The Midland Railway line from Aldridge to Brownhills was closed to all traffic in 1962

 

 

 

 

16 Responses to “Midland Railway Line Through Brownhills”

  1. Rex Tomlinson Says:

    Hi Godfrey,

    A really great bit of nostalgia well researched and written. Thoroughly enjoyed reading it.

    Well done

    Rex

  2. BB Says:

    Hi,
    do you know what year the railway bridge that crosses the Chester Road North, Brownhills…. just up from The Hussey Arms was demolished. I have searched on the internet but not found the year the bridge was demolished.
    Thank You

  3. oakparkpacersrc Says:

    I cannot find the exact date the bridge was removed, but from memory, the next bridge to it which was in Coppice Road was removed in 1962. My reasoning for this, is that according to old photographs, the special train from Aldridge to Brownhills West ran in 1962. Therefore it could not have been removed before then. I was living in Coppice Side when the bridge was taken down, but moved to Pelsall road late in 1962. Logically I would assume that both bridges would have been removed about the same time, but have no recollection of the removal of the Chester Road bridge. Kind regards oakparkrunner

  4. steve perry Says:

    i was born in 1962 and i vaigly remember being on the train from b’hills to willenhall in the mid to late 60’s,when was that line closed,because as a teenager i remember being on a football special passing through b’hills after coming back from nottingham v wolves.

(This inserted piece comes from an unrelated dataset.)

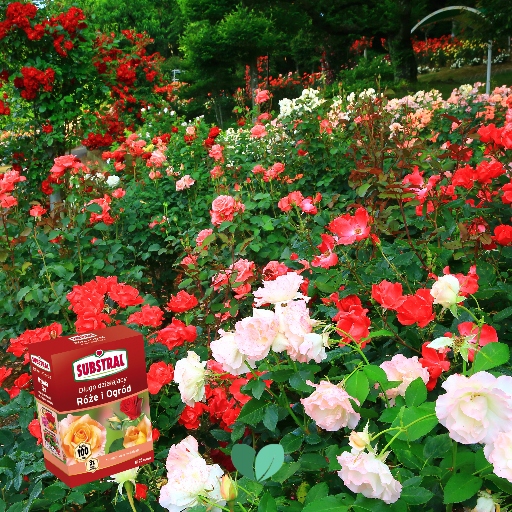 NAWÓZ DO RÓŻ I KWIATÓW 100DNI 1kg SUBSTRAL Producent Substral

    • oakparkpacersrc Says:

      Hello Steve, The line you would have travelled on would have been the Walsall to Lichfield line. Originally the LNWR and later became the LMS railway. The line closed for regular passenger service in January 1965. However the line still carried Freight trains until March 1984 when the section from Anglesey to Ryecroft was closed. The section from Anglesey to Lichfield remained open to serve Charringtons Oil depot until 2002. Special trains such as Football trains (ie not regular comuter trains) would still have used the line until 1984. I hope this answered your query. Kind regards oakparkrunner

  5. Station to station « BrownhillsBob's Brownhills Blog Says:

    […] anything to add to this, I’d be only too pleased to hear it. [Oakparkrunner] has created a lovely walkthrough of this line over on his blog. As an aside, does anyone else remember the Vigo Road bridge being called ‘The Rabbit […]

  6. flodda Says:

    superb pics of the lines life and entirety in brownhills fascinating can remeber growing up and spending my youth playing on clayhanger bridge on the railway lines.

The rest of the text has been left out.